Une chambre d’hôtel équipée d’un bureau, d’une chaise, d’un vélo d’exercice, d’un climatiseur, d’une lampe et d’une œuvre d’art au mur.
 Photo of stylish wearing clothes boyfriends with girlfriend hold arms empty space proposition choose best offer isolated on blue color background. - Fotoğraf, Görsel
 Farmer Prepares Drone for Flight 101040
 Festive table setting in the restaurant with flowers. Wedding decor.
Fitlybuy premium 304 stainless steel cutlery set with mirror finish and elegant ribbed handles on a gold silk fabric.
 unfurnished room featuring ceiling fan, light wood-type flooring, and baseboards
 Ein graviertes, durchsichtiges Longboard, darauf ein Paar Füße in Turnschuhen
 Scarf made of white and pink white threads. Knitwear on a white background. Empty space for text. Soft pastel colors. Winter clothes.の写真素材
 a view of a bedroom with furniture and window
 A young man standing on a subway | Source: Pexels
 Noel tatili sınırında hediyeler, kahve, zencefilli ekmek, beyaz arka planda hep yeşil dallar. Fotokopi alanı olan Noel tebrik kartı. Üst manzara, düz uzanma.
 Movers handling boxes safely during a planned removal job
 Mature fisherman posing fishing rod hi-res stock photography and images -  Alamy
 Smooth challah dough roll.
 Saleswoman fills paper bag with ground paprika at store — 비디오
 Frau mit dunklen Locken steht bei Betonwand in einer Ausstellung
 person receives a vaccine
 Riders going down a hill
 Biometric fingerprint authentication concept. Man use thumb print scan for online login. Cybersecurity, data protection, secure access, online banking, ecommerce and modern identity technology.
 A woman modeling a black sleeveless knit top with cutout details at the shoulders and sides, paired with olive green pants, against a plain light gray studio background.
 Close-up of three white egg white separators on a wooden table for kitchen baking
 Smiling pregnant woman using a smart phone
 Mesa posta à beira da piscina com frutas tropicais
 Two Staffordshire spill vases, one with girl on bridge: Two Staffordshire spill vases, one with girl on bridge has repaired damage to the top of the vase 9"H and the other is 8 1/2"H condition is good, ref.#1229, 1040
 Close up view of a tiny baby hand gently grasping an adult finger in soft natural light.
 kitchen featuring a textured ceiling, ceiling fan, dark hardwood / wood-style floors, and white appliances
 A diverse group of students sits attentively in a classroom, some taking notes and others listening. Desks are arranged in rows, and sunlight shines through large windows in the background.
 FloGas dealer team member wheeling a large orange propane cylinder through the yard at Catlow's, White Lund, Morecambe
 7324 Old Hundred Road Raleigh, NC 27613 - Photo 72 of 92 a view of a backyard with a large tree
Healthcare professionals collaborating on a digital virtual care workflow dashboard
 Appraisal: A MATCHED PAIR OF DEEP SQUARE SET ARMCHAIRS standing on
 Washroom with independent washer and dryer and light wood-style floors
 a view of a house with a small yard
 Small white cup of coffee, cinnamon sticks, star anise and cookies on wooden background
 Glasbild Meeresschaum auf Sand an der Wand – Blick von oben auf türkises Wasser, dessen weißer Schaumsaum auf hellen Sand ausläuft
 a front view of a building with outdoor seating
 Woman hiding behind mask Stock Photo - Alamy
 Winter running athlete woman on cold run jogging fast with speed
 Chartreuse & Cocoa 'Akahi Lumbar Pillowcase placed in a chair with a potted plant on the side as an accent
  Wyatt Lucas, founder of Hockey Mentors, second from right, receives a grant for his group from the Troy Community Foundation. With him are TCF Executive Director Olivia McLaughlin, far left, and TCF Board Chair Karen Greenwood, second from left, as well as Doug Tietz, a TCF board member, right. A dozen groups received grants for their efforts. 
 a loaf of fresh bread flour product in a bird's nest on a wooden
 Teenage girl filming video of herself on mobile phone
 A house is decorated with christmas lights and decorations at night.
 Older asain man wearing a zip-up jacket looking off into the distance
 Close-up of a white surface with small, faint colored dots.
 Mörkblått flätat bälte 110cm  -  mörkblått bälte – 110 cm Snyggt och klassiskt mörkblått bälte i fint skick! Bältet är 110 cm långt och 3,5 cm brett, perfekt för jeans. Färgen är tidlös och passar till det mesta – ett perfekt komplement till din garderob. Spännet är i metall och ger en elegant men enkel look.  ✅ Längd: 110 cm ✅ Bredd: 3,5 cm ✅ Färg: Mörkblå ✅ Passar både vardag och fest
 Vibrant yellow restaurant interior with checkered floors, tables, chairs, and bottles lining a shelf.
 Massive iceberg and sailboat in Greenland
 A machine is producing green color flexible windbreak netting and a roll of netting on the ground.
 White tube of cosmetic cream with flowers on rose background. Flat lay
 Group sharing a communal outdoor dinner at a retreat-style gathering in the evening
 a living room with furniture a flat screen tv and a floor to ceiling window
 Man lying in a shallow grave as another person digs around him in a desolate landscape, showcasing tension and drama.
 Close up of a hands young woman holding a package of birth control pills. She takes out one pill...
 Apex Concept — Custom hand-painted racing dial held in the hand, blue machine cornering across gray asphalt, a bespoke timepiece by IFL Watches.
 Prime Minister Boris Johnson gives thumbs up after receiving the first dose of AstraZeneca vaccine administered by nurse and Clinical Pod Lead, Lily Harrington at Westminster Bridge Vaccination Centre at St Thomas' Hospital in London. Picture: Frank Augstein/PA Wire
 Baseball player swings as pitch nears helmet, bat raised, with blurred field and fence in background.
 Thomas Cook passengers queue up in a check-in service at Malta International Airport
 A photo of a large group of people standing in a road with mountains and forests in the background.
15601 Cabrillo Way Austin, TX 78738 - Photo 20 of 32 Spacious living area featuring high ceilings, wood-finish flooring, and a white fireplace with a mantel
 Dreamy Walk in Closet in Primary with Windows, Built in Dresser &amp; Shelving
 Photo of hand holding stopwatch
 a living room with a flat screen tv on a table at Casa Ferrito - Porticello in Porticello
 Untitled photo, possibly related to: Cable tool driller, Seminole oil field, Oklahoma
^^^^^^^^
Please retype the top of the data exactly, down to and including the line that holds "Frau mit dunklen", and nothing further.

• [RESPONSE BELOW]
Une chambre d’hôtel équipée d’un bureau, d’une chaise, d’un vélo d’exercice, d’un climatiseur, d’une lampe et d’une œuvre d’art au mur.
 Photo of stylish wearing clothes boyfriends with girlfriend hold arms empty space proposition choose best offer isolated on blue color background. - Fotoğraf, Görsel
 Farmer Prepares Drone for Flight 101040
 Festive table setting in the restaurant with flowers. Wedding decor.
Fitlybuy premium 304 stainless steel cutlery set with mirror finish and elegant ribbed handles on a gold silk fabric.
 unfurnished room featuring ceiling fan, light wood-type flooring, and baseboards
 Ein graviertes, durchsichtiges Longboard, darauf ein Paar Füße in Turnschuhen
 Scarf made of white and pink white threads. Knitwear on a white background. Empty space for text. Soft pastel colors. Winter clothes.の写真素材
 a view of a bedroom with furniture and window
 A young man standing on a subway | Source: Pexels
 Noel tatili sınırında hediyeler, kahve, zencefilli ekmek, beyaz arka planda hep yeşil dallar. Fotokopi alanı olan Noel tebrik kartı. Üst manzara, düz uzanma.
 Movers handling boxes safely during a planned removal job
 Mature fisherman posing fishing rod hi-res stock photography and images -  Alamy
 Smooth challah dough roll.
 Saleswoman fills paper bag with ground paprika at store — 비디오
 Frau mit dunklen Locken steht bei Betonwand in einer Ausstellung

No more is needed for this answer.